◆ WHAT YOU NEED TO DO
Although the records include pictures, the copy should not; write out exactly the lines from the first through the line with "1PC New SMC".

◆ AVAILABLE DATA
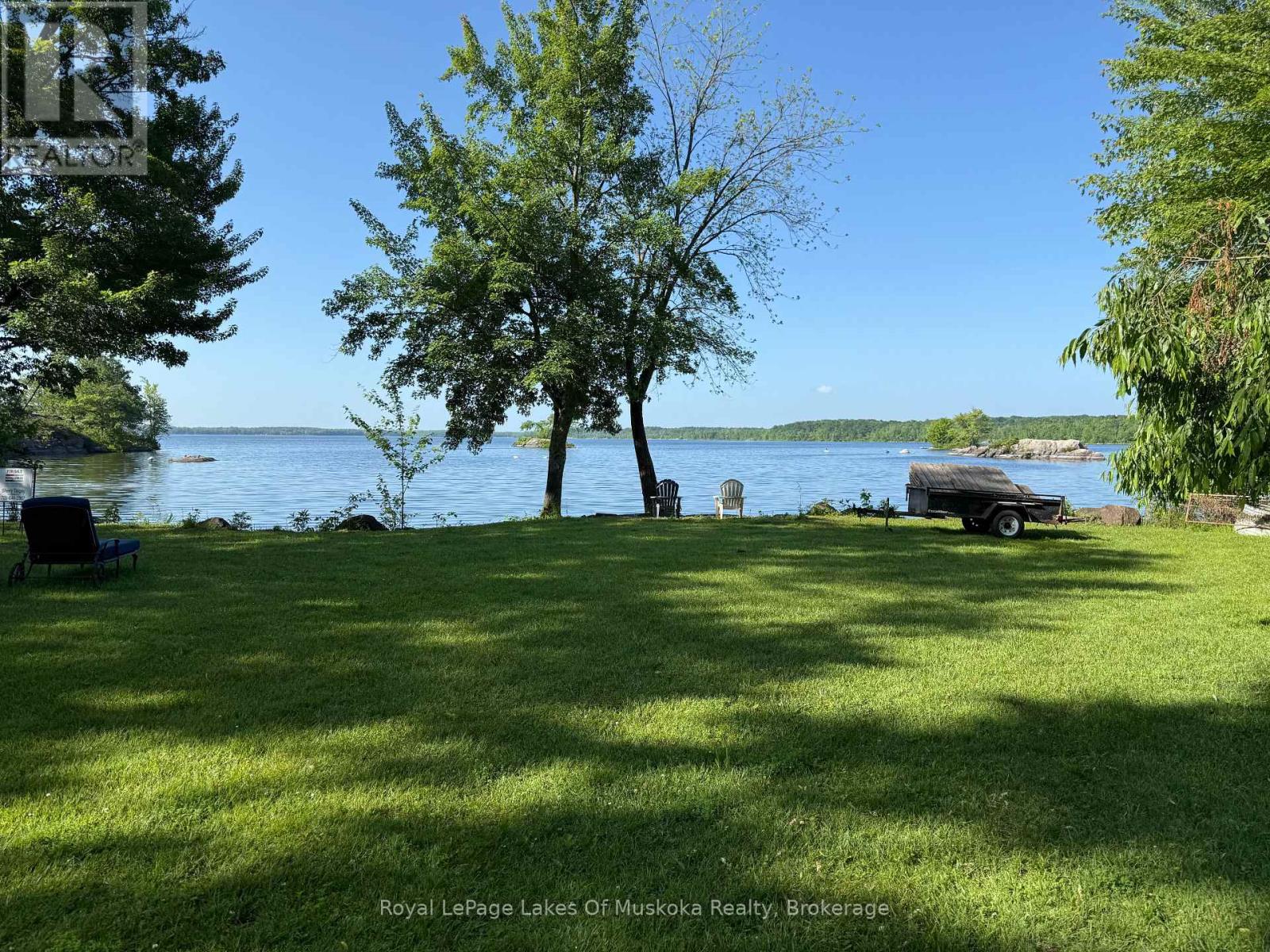 3445 Southwood Beach Boulevard, Ramara, Ontario  L0K 2B0 - Photo 48 - S12151060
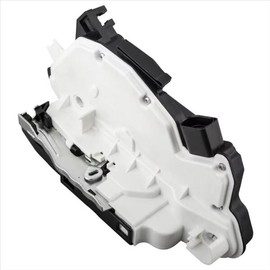 Passat CC B6 Amarok Tiguan 전면 좌측 5N1837015A용 도어 잠금 래치 액츄에이터 자동차 메커니즘 Door Lock Latch Actuator Automotive Mechanism for Passat CC B6 Amarok Tiguan Front Left 5N1837015A [01 As Shown Front Left]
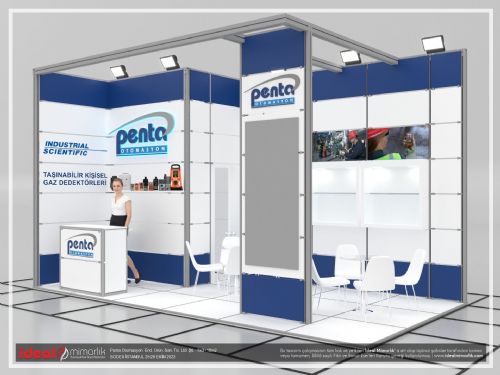 Penta Otomasyon |SODEX İSTANBUL 25-28 EKİM 2023 | 23.02.2026 | WINTECH AUTO OTOMOTİV YEDEK PARÇA PLASTİK SANAYİ VE TİC.A.Ş.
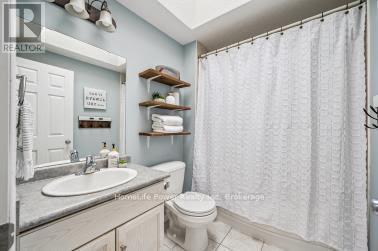 21 Warren Street, Guelph, Ontario  N1E 7K4 - Photo 23 - X12806744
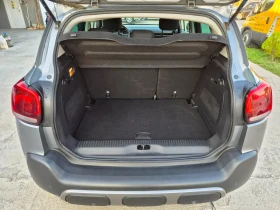 Citroen C3 Aircross 1.2i SERVICE BOOK | Auto.bg — изображение 9 Citroen C3 Aircross 1.2i SERVICE BOOK | Auto.bg — изображение 9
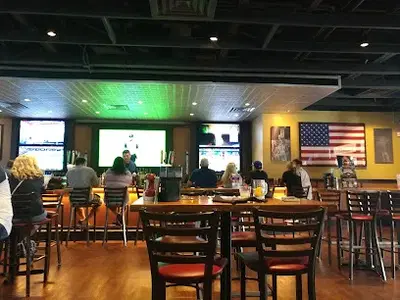 Glory Days Grill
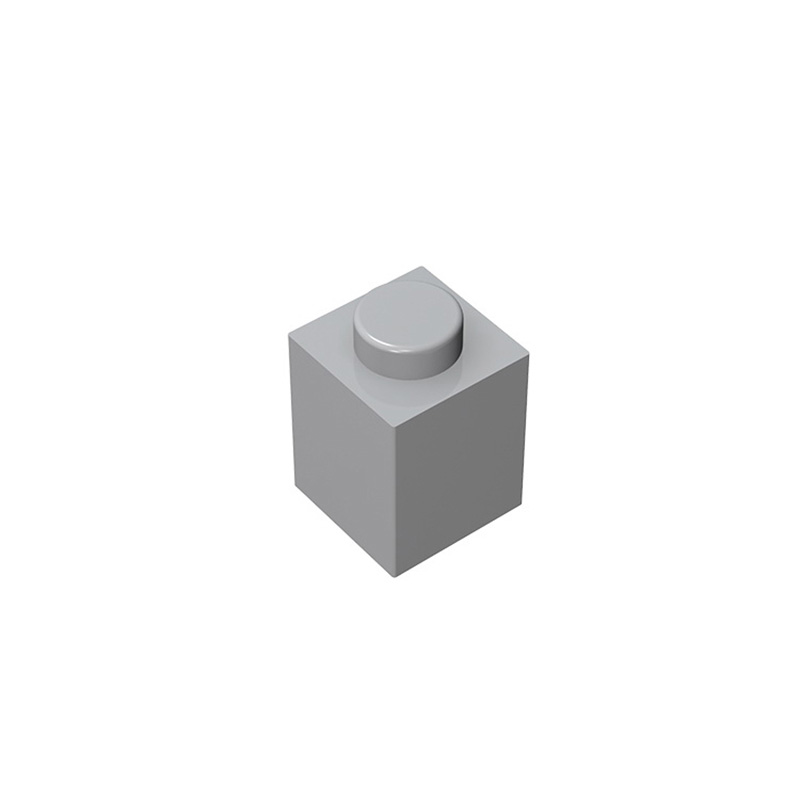 MOC 10PCS 3005 1x1 Bricks Buil - огляд і ціна Tech Accessories Gifts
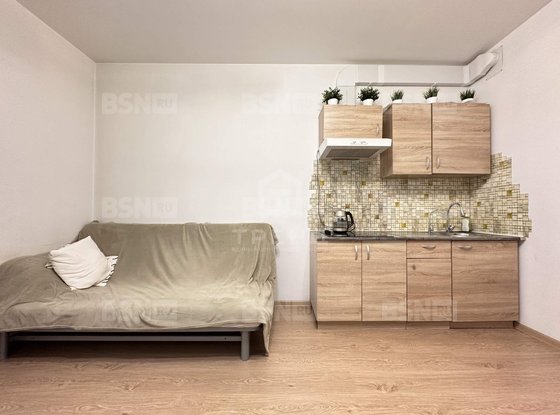 Продажа однокомнатной квартиры - Кудрово, Столичная улица, д.4 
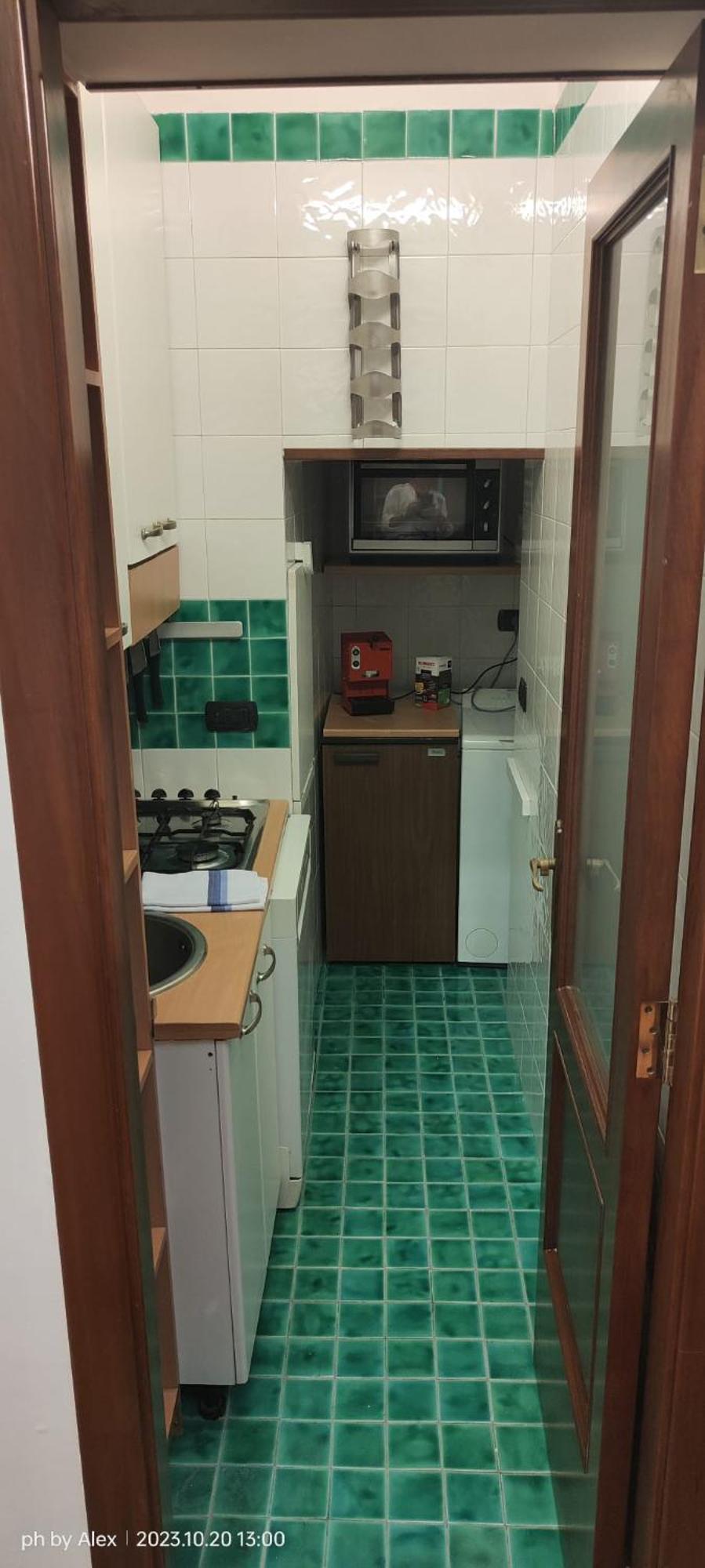 Segreta Catalana Apartamento Nápoles Exterior foto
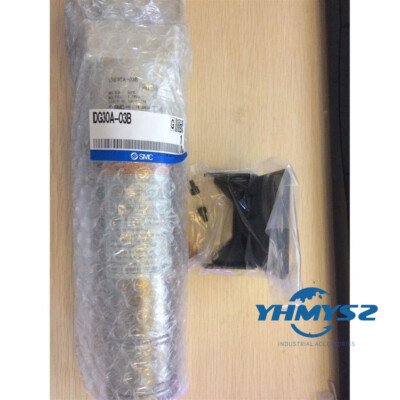 1PC New SMC IDG30A-03B Polymer Membrane Air Dryer Expedited Shipping #-image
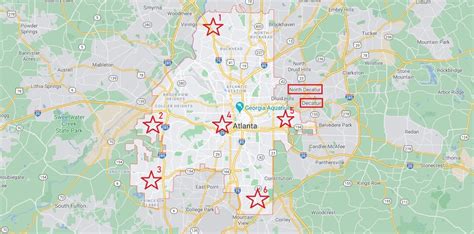 Image result for Decatur, Georgia History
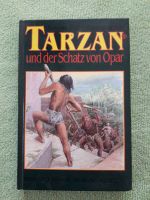 Tarzan / Buch Bayern - Abensberg Vorschau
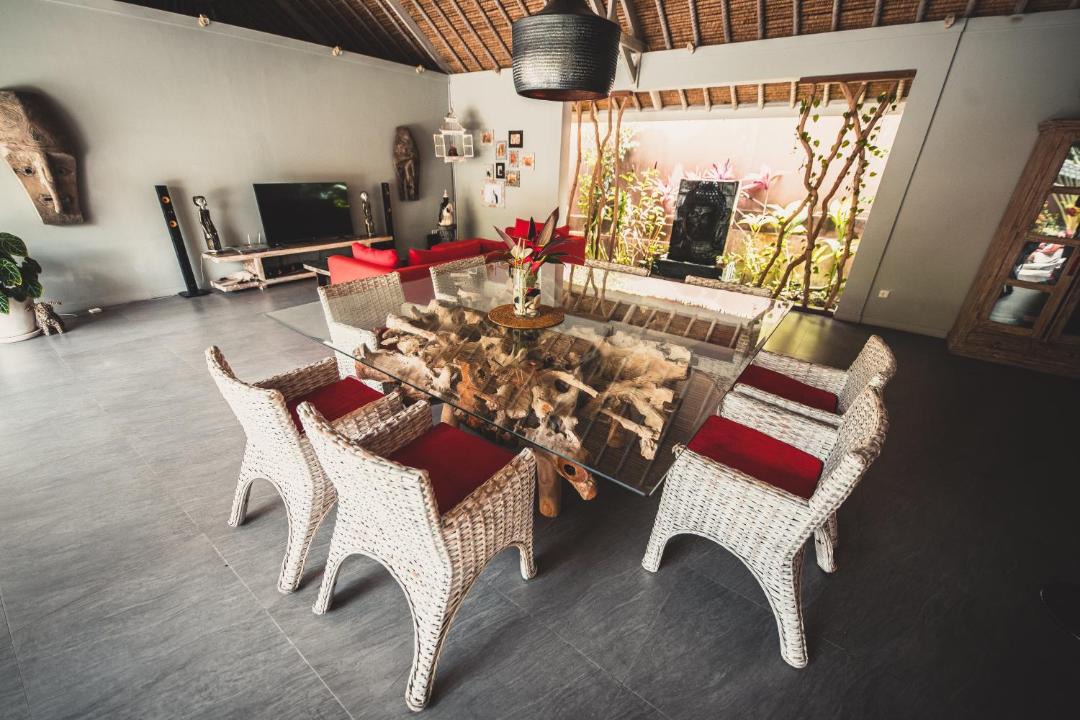 Photo of Livingroom in Babakan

◆ EXPECTED OUTPUT
 3445 Southwood Beach Boulevard, Ramara, Ontario  L0K 2B0 - Photo 48 - S12151060
 Passat CC B6 Amarok Tiguan 전면 좌측 5N1837015A용 도어 잠금 래치 액츄에이터 자동차 메커니즘 Door Lock Latch Actuator Automotive Mechanism for Passat CC B6 Amarok Tiguan Front Left 5N1837015A [01 As Shown Front Left]
 Penta Otomasyon |SODEX İSTANBUL 25-28 EKİM 2023 | 23.02.2026 | WINTECH AUTO OTOMOTİV YEDEK PARÇA PLASTİK SANAYİ VE TİC.A.Ş.
 21 Warren Street, Guelph, Ontario  N1E 7K4 - Photo 23 - X12806744
 Citroen C3 Aircross 1.2i SERVICE BOOK | Auto.bg — изображение 9 Citroen C3 Aircross 1.2i SERVICE BOOK | Auto.bg — изображение 9
 Glory Days Grill
 MOC 10PCS 3005 1x1 Bricks Buil - огляд і ціна Tech Accessories Gifts
 Продажа однокомнатной квартиры - Кудрово, Столичная улица, д.4 
 Segreta Catalana Apartamento Nápoles Exterior foto
 1PC New SMC IDG30A-03B Polymer Membrane Air Dryer Expedited Shipping #-image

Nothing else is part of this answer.